A volte ritornano. Nel mondo del calcio è spesso consigliabile non emettere sentenze definitive e ciò vale soprattutto per chi con il pallone tra i piedi ci sa fare. Rompiscatole, indisciplinato e scheggia impazzita nella Roma, gordo (grassone), zavorra della squadra e irriverente al punto di perculare in mondovisione Capello nel Real Madrid (l'imitazione che ne fece il barese è un cult in Spagna). Niente di tutto ciò alla Sampdoria. A Genova ha trovato un collettivo che lo ha saputo accettare così com'è, un allenatore capace di ascoltarlo e frenarlo dalle cassanate (singolare il rimprovero di Mazzarri che lo invita a stare zitto e a non protestare) e una tifoseria che lo coccola.

Il derby porta la firma di Antonio Cassano, le giocate del talento barese hanno deliziato la platea blucerchiata e mandato al manicomio i giocatori genoani. Il vantaggio doriano (video) allo scadere è l'invenzione per eccellenza.
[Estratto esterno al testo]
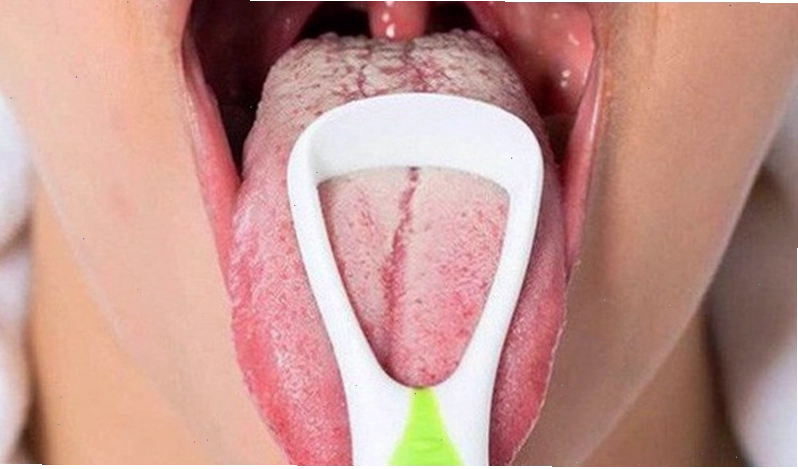 Thay đổi chế độ ăn uống, hạn chế thực phẩm có màu đậm để cải thiện lưỡi bị đen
A tre minuti dalla fine pochissimi giocatori al mondo hanno la lucidità di dribblare tre avversari nei pressi della bandierina e servire sul piatto d'argento al proprio compagno un cross delizioso. Cassano è così, prendere o lasciare come ama definirsi al termine della partita. E stavolta c'è solo da prendere. E la nazionale? In parecchi hanno avanzato l'ipotesi Cassano. Donadoni comincia a farci un pensierino? Voi cosa ne pensate?